Find the line containing "Ransomware concept image" in the entries below. Restate it and each line after it, word for word, up to and including the line containing "Otto Zimmermann 430.1488.20".

EXERCISE DATA:
┌──

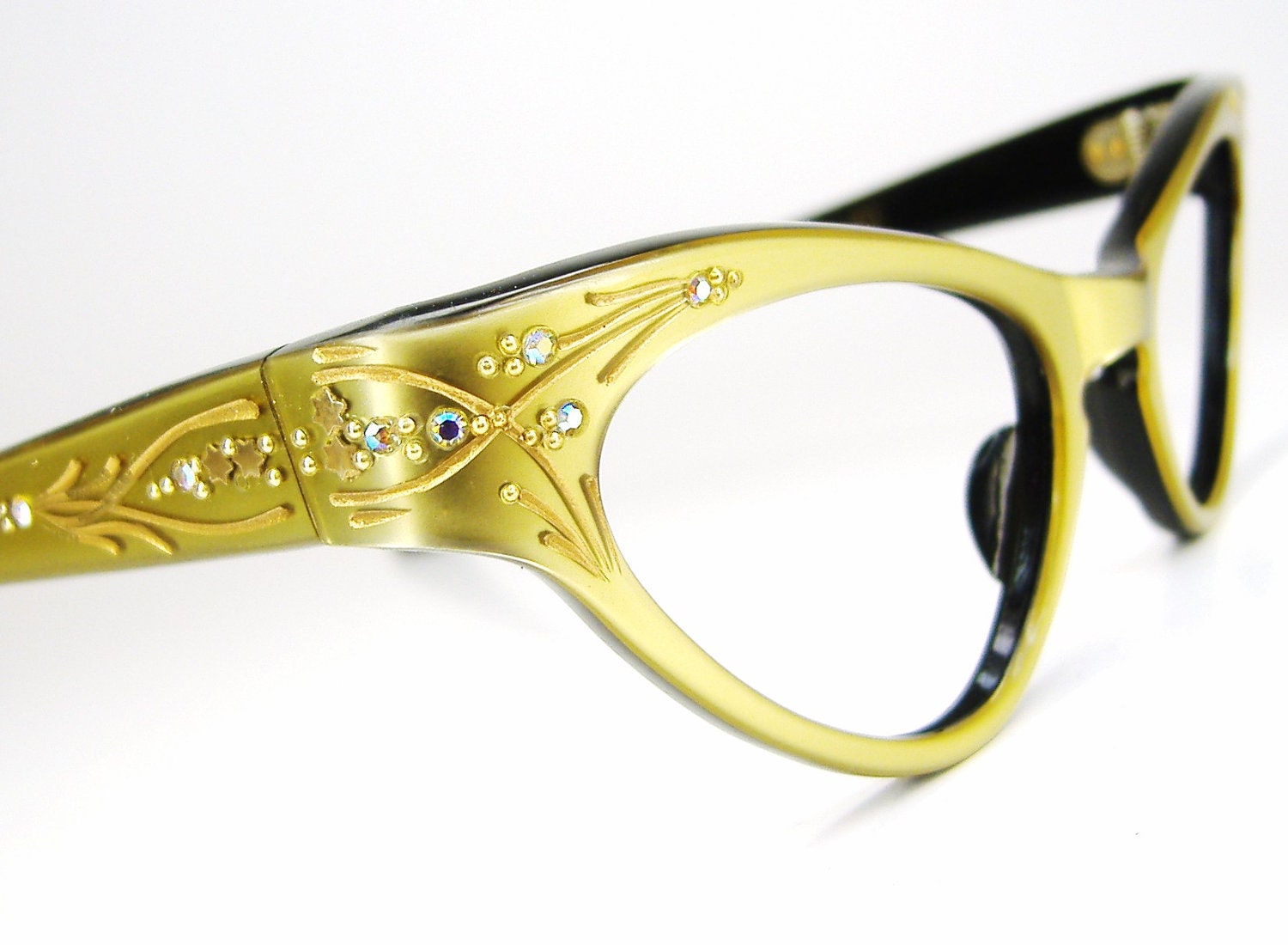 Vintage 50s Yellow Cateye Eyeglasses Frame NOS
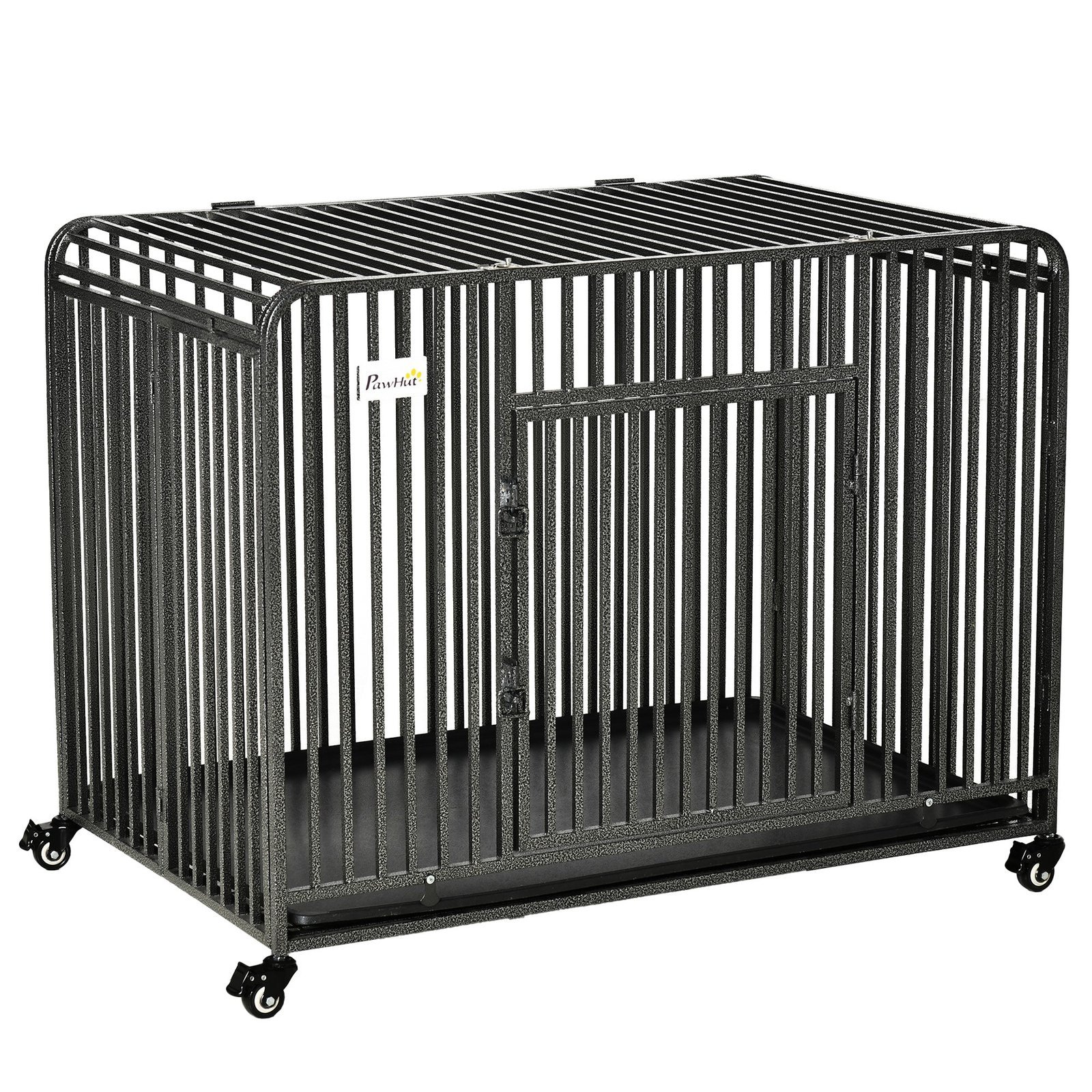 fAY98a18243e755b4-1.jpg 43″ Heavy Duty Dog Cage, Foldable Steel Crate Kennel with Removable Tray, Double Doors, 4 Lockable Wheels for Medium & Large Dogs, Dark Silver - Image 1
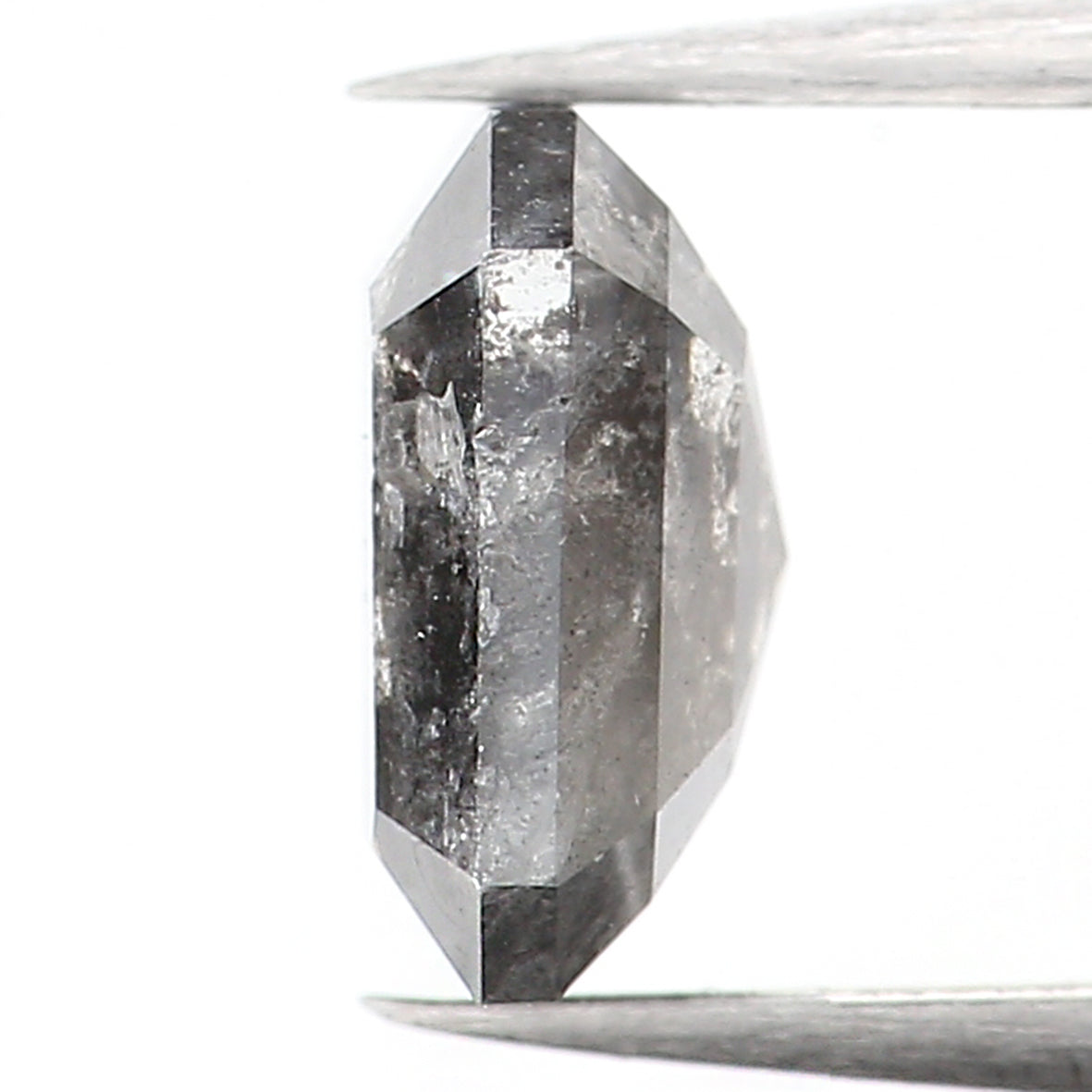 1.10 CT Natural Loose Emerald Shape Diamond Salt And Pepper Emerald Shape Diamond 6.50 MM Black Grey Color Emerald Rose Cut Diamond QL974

└──
┌──

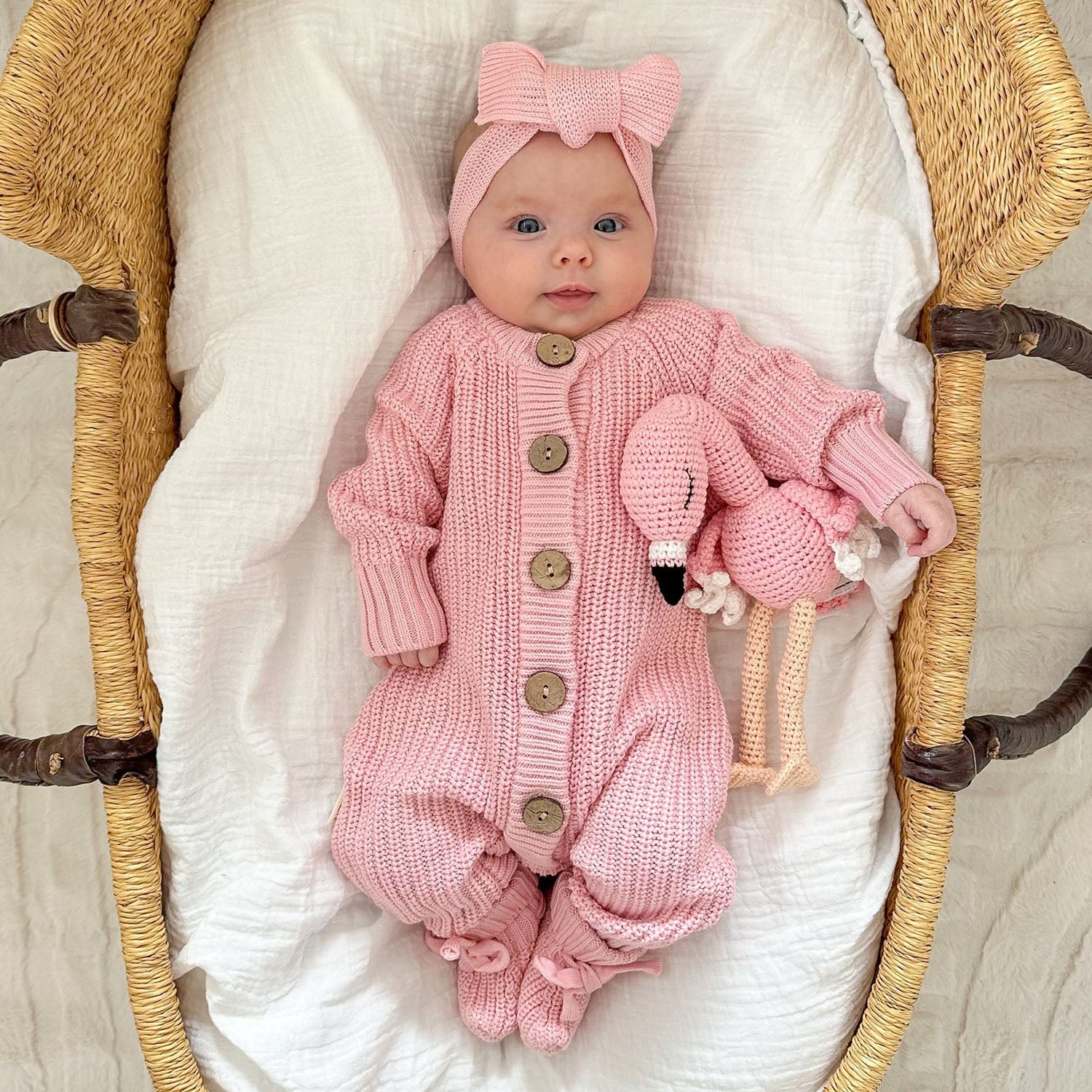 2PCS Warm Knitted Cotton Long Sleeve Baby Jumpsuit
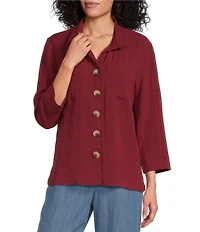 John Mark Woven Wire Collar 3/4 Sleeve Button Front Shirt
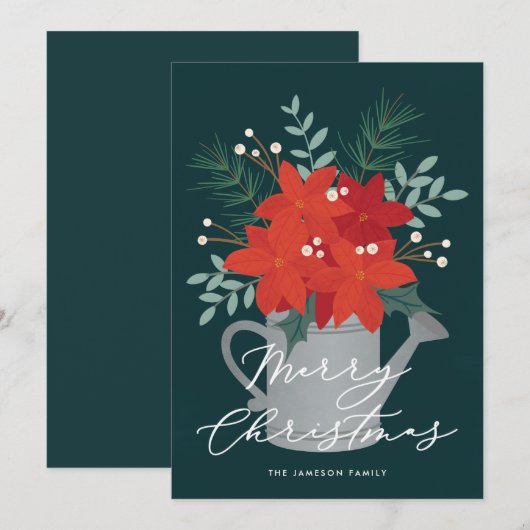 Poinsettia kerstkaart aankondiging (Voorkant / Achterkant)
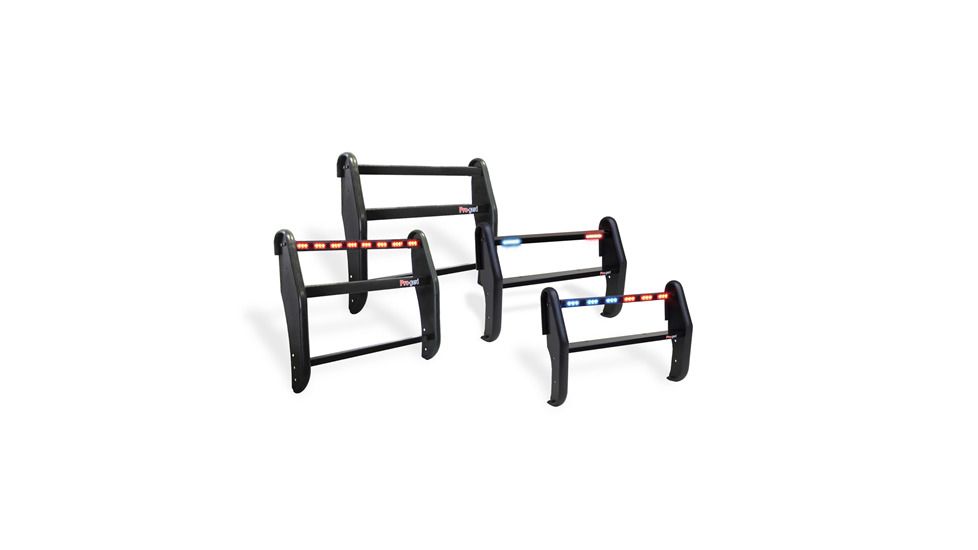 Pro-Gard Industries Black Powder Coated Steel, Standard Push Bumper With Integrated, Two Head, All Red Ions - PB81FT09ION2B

└──
┌──

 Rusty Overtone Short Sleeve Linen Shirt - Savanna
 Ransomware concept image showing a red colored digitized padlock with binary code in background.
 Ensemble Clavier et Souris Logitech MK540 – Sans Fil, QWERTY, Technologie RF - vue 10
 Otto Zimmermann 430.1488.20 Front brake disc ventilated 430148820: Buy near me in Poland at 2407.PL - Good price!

└──

WRITTEN SOLUTION:
 Ransomware concept image showing a red colored digitized padlock with binary code in background.
 Ensemble Clavier et Souris Logitech MK540 – Sans Fil, QWERTY, Technologie RF - vue 10
 Otto Zimmermann 430.1488.20 Front brake disc ventilated 430148820: Buy near me in Poland at 2407.PL - Good price!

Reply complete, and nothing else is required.